[Start of section]
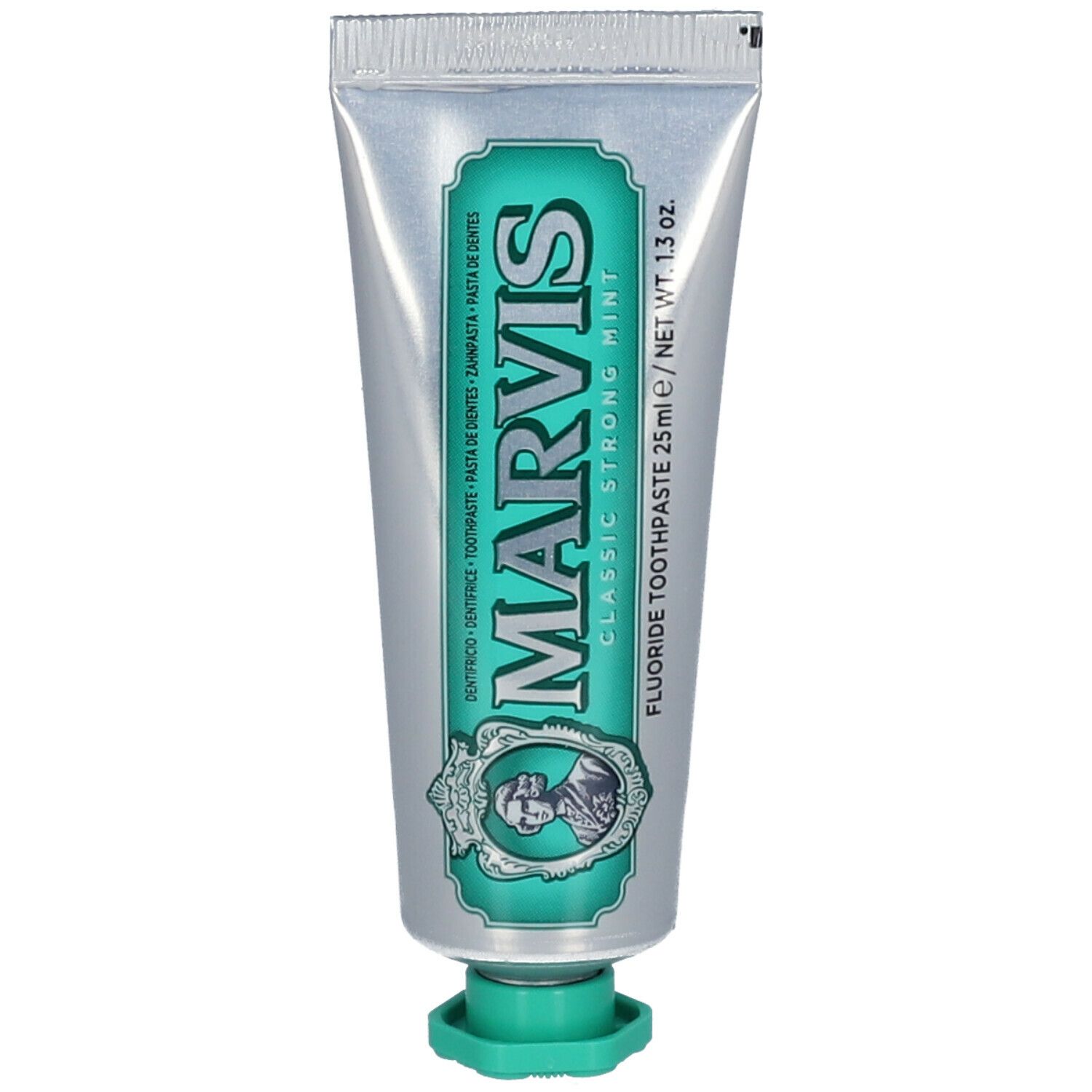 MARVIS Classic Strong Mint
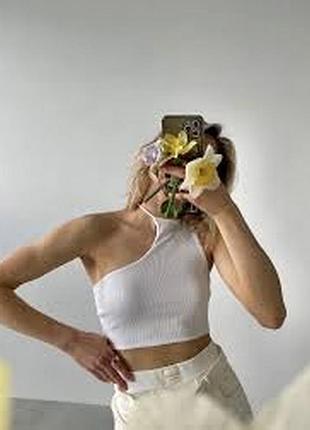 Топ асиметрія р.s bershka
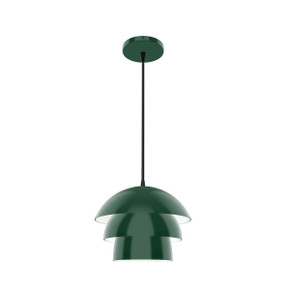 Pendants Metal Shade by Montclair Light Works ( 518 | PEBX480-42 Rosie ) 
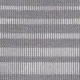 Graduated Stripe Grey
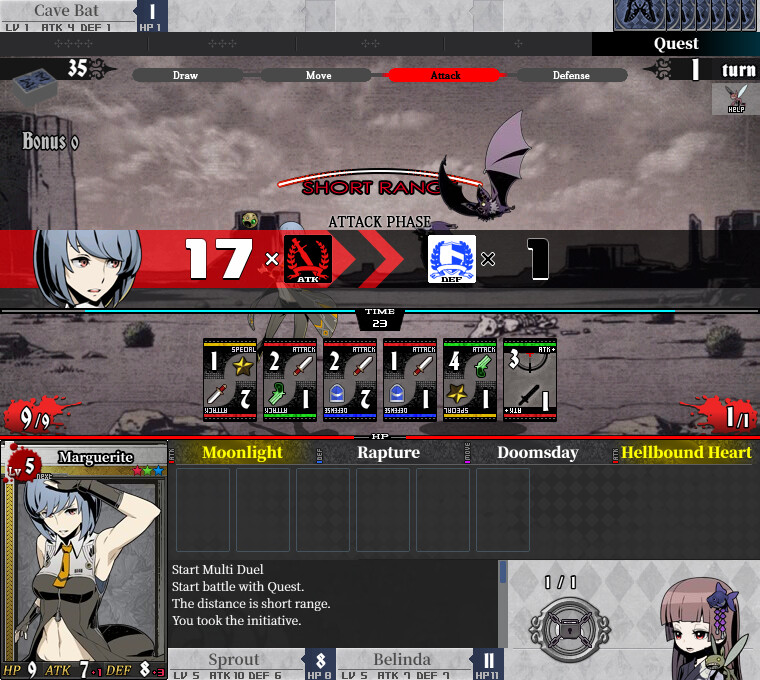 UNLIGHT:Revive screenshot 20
[End of section]
* What you need to do
In the material above, repeat each entry exactly and omit every picture.

* Solution to this problem
 MARVIS Classic Strong Mint
 Топ асиметрія р.s bershka
 Pendants Metal Shade by Montclair Light Works ( 518 | PEBX480-42 Rosie ) 
 Graduated Stripe Grey
 UNLIGHT:Revive screenshot 20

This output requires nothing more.